The literary growth of a language and its use in an increasing number of
domains can evolve along three major directions: I) poetry and fiction, 2)
non-narrative (expository) prose and 3) oral channels such as speeches,
broadcasts, etc. It is also true that the demarcation line between fiction
and expository prose is not always clear, but it is the latter type of
literature which is said to have a greater impact upon newly literate
speakers. The dichotomy is between imaginative versus informative
literature. In written literature, prose stands more in need of language
standardization than poetry, expository prose more than fiction.
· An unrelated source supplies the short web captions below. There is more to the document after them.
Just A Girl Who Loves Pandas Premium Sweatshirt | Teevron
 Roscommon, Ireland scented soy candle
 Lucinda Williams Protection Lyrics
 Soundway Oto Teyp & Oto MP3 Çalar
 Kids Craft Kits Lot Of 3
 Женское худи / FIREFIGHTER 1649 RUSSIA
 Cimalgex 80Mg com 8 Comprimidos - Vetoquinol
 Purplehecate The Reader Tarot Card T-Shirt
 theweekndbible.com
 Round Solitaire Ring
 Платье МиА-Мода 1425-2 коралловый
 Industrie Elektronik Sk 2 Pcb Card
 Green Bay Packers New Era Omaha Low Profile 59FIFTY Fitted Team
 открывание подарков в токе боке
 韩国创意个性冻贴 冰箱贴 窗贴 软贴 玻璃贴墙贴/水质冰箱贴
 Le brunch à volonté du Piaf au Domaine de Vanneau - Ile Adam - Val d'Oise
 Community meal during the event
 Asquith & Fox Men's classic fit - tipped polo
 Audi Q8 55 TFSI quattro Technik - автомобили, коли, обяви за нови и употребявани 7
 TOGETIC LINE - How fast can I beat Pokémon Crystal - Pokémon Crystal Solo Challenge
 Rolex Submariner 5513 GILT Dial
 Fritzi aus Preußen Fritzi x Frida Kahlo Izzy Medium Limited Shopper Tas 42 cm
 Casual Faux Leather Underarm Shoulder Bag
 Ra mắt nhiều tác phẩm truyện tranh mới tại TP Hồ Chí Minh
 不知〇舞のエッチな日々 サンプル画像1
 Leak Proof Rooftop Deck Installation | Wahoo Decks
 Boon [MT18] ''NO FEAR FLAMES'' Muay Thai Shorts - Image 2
Standardization becomes urgent at the refined level and indispensable at the
learned level of non-narrative prose. Therefore, for purposes of the survey,
literature has been divided into two broad categories, narrative and
non-narrative.
The sub-categories of narrative literature are provided in two sections that
of Iyrics and fiction. The non-narrative prose which ranges from devotional
or ideological writings to school textbooks, has the sub-categories
(popular, refined and learned) corresponding to the three levels of
education (primary, secondary and university). Textbooks produced for these
three levels automatically contribute to the progressive standardization of
the language. It may be seen from the data, that in the case of most major
languages, it is the non-narrative literature that exceeds the narrative. As
a language grows, its interest no longer remains confined to narratives but
becomes more and more refined in the sense that information transfer of a
higher order becomes more imperative. In the case of smaller languages,
particularly the ones which are still struggling to acquire a written
tradition, achievements are limited to production of school textbooks. The
questions of language standardization and the overall development of
languages have remained unsatisfactory as they are, but can now perhaps be
measured fairly objectively according to the dimension of language
elaboration, i.e., the level of standardization a language has reached
through the development of its non-narrative prose, or for that matter all
its written and oral channels.
8. Schools
If a language could be gainfully employed in education it also stands to
lose when the language is not used in this domain. The domain of education
is dealt with under three basic headings; primary (Q.10.1), secondary
(Q.10.3) and university (Q.10.6). A second dimension is added to this data
by asking whether the employment is exclusive, i.e. as the only teaching
medium or inclusive, i.e. teaching medium along with another language.
Inclusive education propagates institutional bilingualism inherent to the
system and produces as a result group bilingualism. The data on schools in
terms of parameters provided in the questionnaire was not easy to collate as
education is primarily a state jurisdiction, so that statistics have to be
collected through numerous state agencies. Secondly, education is not wholly
run by governments and there are many non-governmental agencies who run
their own private schools. However, due to the complexity of the private
school dimension, it had to be excluded from the survey. In the case of many
smaller languages and minorities, data collected through the survey was not
exhaustive. However, to counterbalance this weakness we have given
information from two other sources, but the one that we value more from the
point of dependability, is the present survey source, collected through
various state Directorates of Education, on both primary and higher levels.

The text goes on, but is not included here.